*** Record set ***

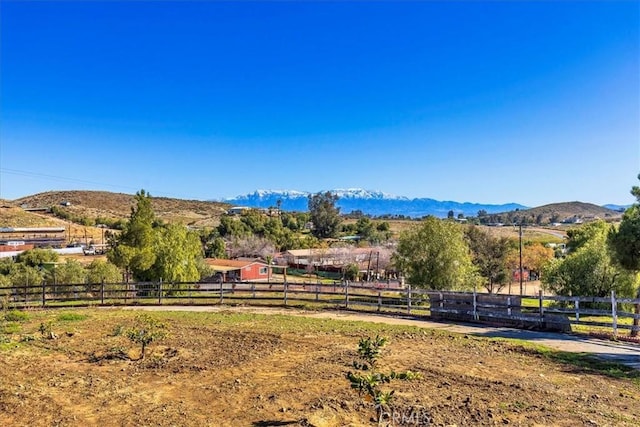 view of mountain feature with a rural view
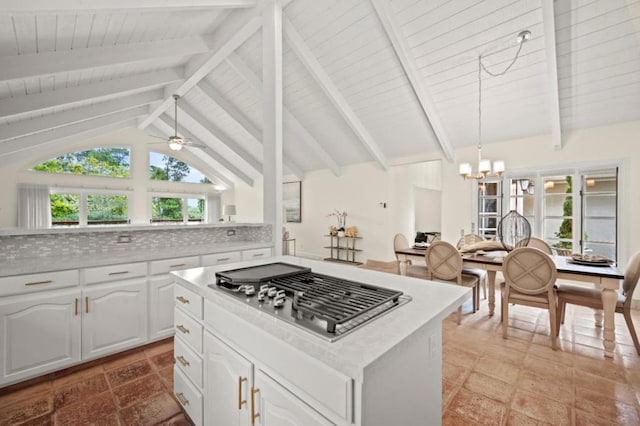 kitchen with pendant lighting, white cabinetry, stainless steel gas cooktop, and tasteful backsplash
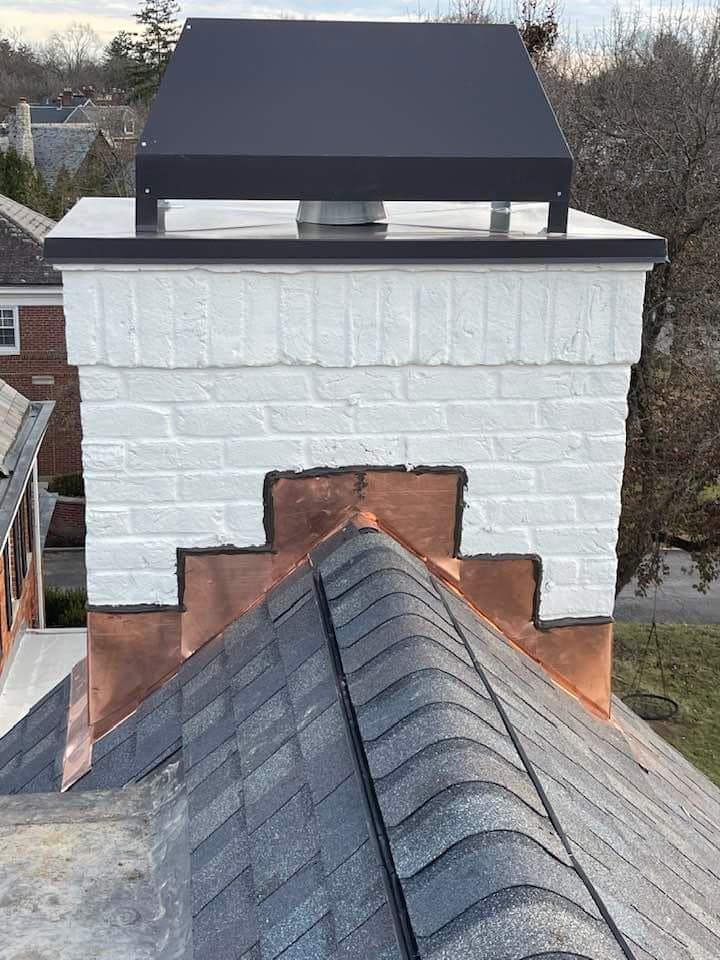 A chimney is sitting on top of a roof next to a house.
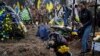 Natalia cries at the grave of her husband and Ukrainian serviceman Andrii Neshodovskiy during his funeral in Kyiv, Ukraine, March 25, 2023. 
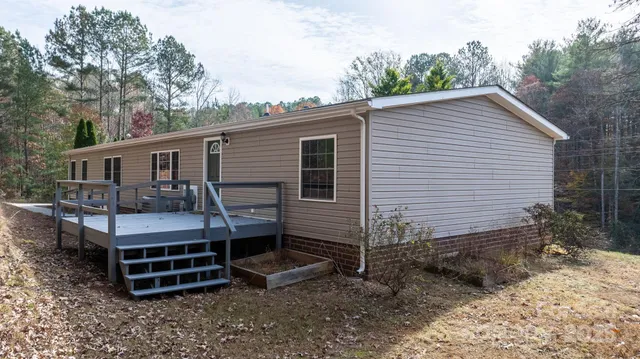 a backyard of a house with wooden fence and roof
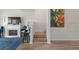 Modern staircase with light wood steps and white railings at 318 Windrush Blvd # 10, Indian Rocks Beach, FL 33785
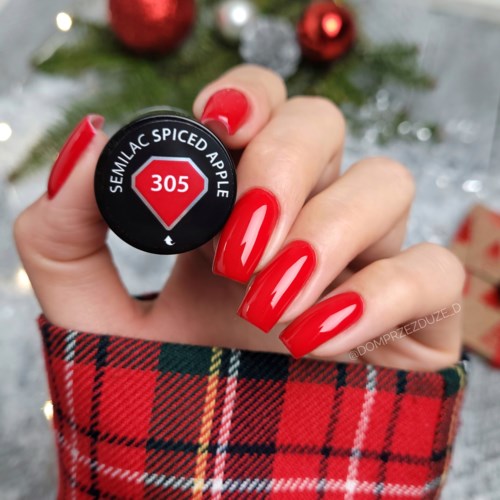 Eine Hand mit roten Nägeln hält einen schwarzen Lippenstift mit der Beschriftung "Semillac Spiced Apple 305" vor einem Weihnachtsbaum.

*** End of Record set ***
*** Record set ***

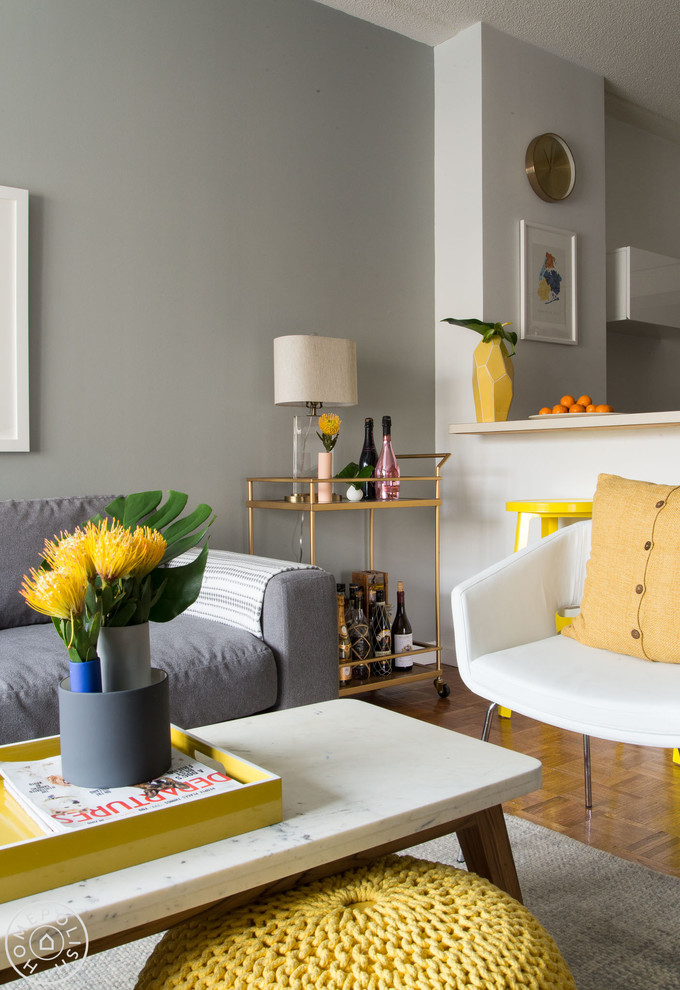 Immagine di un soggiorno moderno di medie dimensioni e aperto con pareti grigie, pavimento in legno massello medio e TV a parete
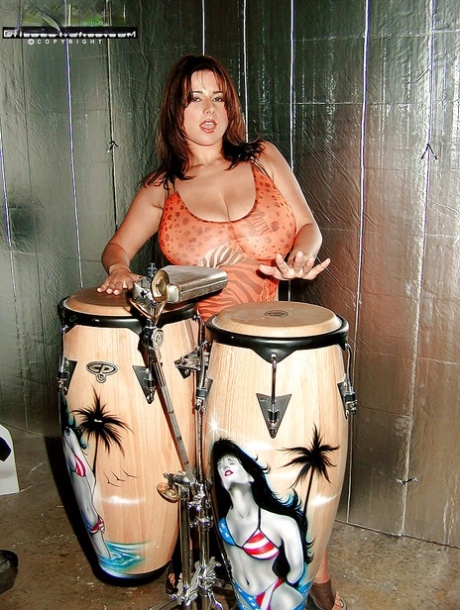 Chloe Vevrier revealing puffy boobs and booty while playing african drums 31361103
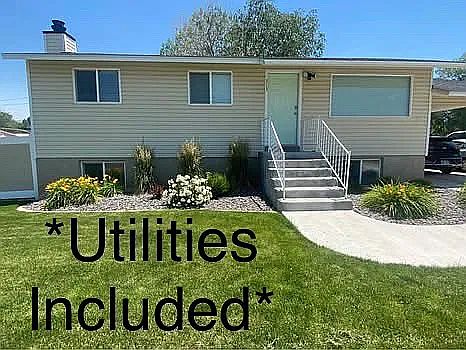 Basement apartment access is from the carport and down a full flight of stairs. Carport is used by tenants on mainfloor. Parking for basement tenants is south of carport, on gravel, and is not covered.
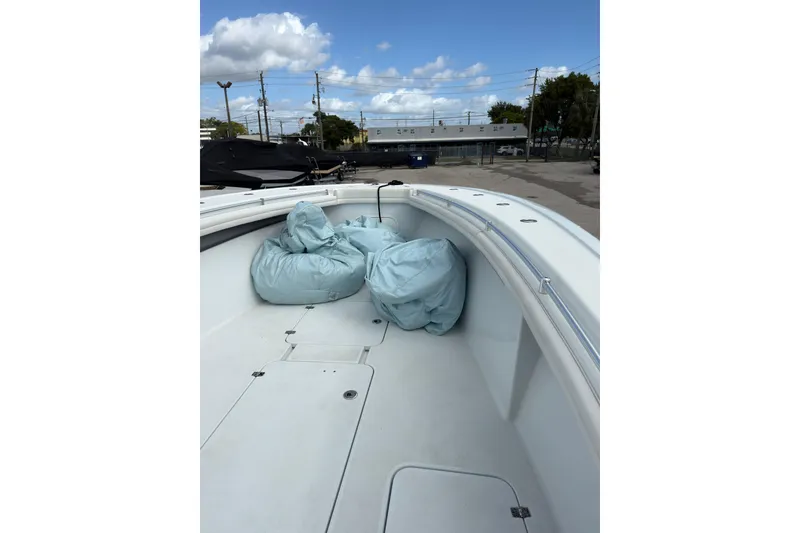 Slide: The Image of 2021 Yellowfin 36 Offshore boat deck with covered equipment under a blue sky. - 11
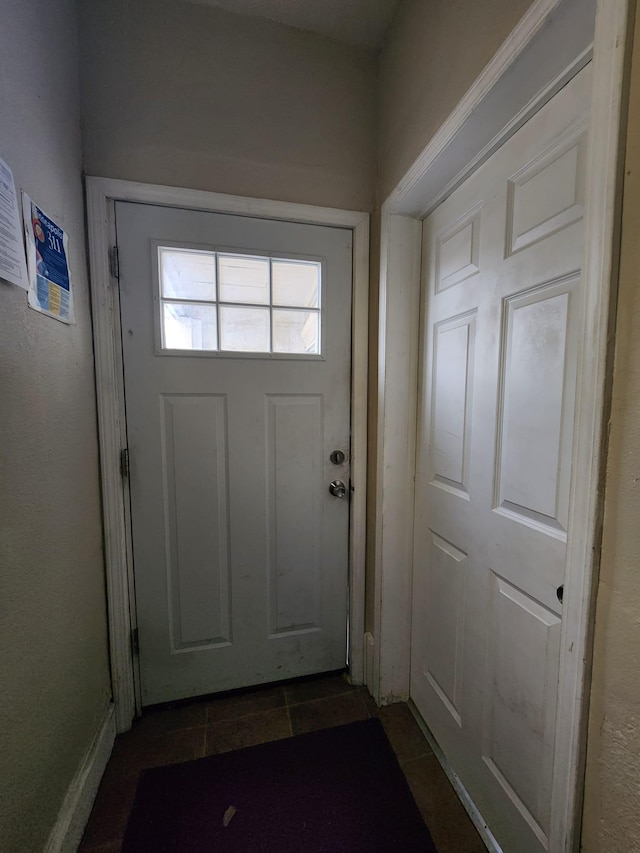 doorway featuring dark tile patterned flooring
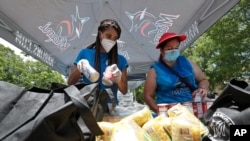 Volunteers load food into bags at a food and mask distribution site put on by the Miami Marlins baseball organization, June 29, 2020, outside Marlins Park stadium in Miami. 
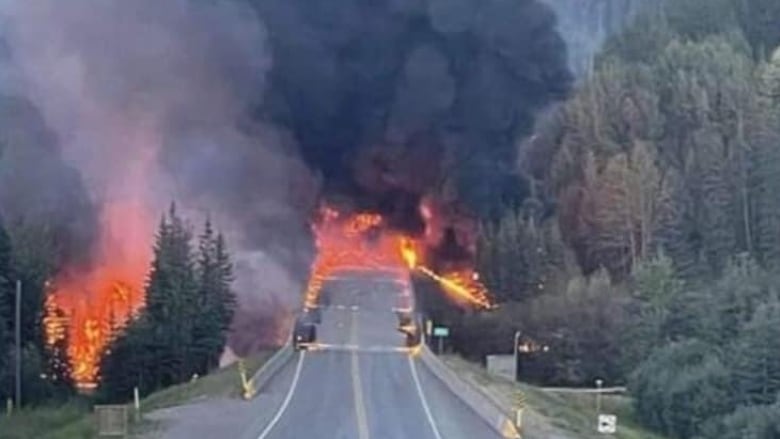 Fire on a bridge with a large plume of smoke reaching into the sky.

*** End of Record set ***
*** Record set ***

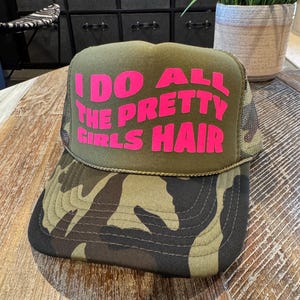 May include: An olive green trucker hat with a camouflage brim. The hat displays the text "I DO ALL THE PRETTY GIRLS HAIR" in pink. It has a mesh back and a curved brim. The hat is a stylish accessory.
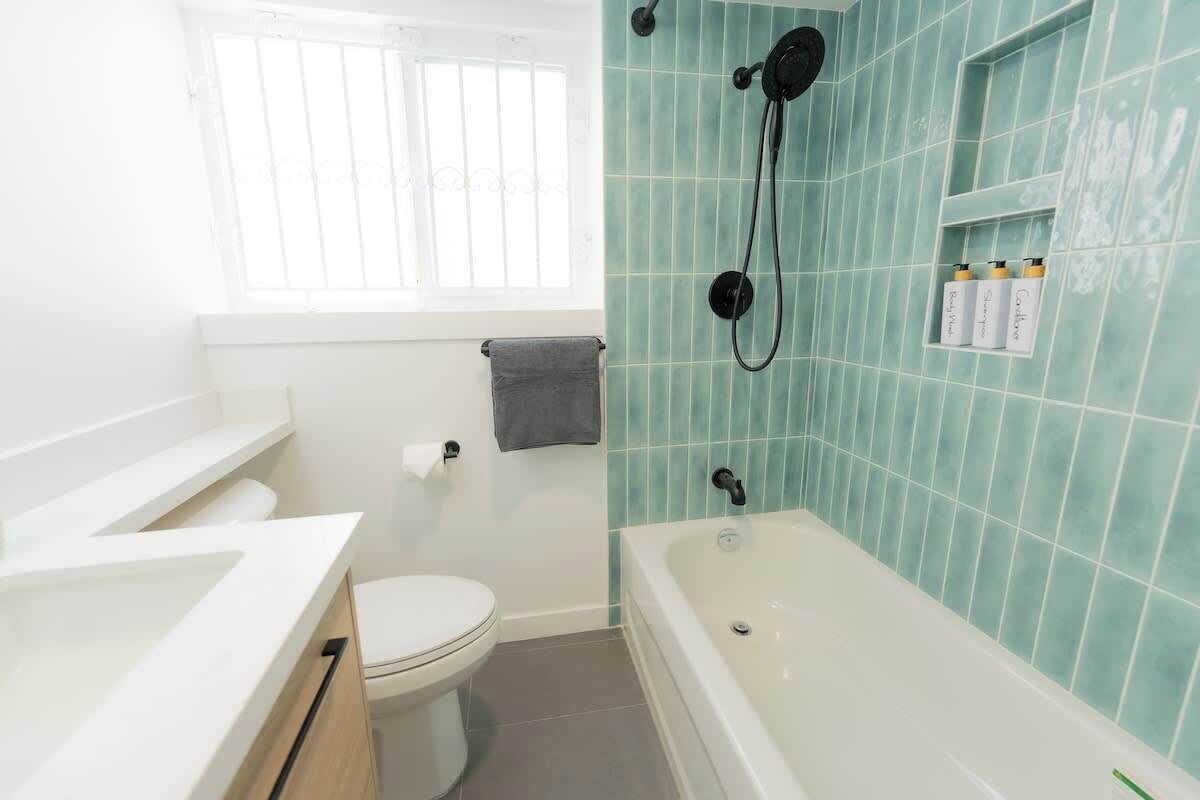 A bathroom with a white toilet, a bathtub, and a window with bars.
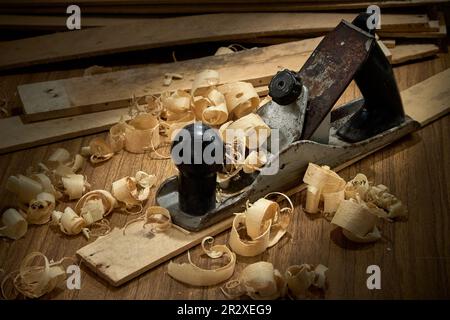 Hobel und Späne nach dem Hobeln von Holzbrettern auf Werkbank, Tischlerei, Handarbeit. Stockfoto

*** End of Record set ***

**Work to be completed:** Up in the listing, locate the line with "A bathroom with"; print it and every line after it down to the line with "Hobel und Späne", which is included too. Skip the pictures.

**Exercise answer:**
 A bathroom with a white toilet, a bathtub, and a window with bars.
 Hobel und Späne nach dem Hobeln von Holzbrettern auf Werkbank, Tischlerei, Handarbeit. Stockfoto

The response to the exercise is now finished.